11. Intellectual property rights
In the event that the intellectual property belonging to TRUSTZONE and/or a third party are associated with the product delivered by TRUSTZONE, the Customer only acquires a time-limited right to use the product delivered in accordance with the Contractual basis and the intended use thereof.
If the product delivered by TRUSTZONE infringes on the intellectual property rights of a third party, TRUSTZONE must at its own expense: (a) guarantee the Customer the right to continue using the products in question, (b) modify the products in question so that they no longer infringe, or (c) replace the products in question with any non-infringing ones. The Customer has no other rights in the event of an infringement of third party intellectual property rights.
12.1 Confidential information
The Parties are mutually obligated to treat any confidential information that they may obtain from the other Party or from a third party in connection with the cooperation as confidential.
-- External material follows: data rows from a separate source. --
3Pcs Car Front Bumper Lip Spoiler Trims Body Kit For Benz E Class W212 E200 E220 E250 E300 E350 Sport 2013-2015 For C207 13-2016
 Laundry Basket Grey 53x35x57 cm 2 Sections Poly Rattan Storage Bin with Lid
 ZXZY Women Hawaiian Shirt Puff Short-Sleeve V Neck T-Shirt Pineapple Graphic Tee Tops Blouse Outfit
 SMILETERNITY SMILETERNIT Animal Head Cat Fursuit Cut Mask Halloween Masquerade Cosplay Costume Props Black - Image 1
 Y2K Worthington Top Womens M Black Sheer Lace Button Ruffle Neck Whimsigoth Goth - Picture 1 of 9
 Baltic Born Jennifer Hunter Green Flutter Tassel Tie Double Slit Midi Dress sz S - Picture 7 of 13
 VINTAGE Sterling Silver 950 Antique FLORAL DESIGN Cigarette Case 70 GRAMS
Therefore, such confidential information may not be passed on to unauthorised third parties or otherwise used unjustifiably.
The obligations under clause 12.1 also apply after the termination of the cooperation, regardless of the reason for the termination.
13. Processing of personally identifiable information
14. Governing law and jurisdiction
14.1 Governing law
Any dispute that may arise in connection with the Parties’ trade is in all respects subject to substantive Danish law with the exception of the Contracts for the International Sale of Goods, CISG.
Any dispute that may arise in connection with the Parties’ trade must be settled by the ordinary Danish courts with Copenhagen as the proper jurisdiction.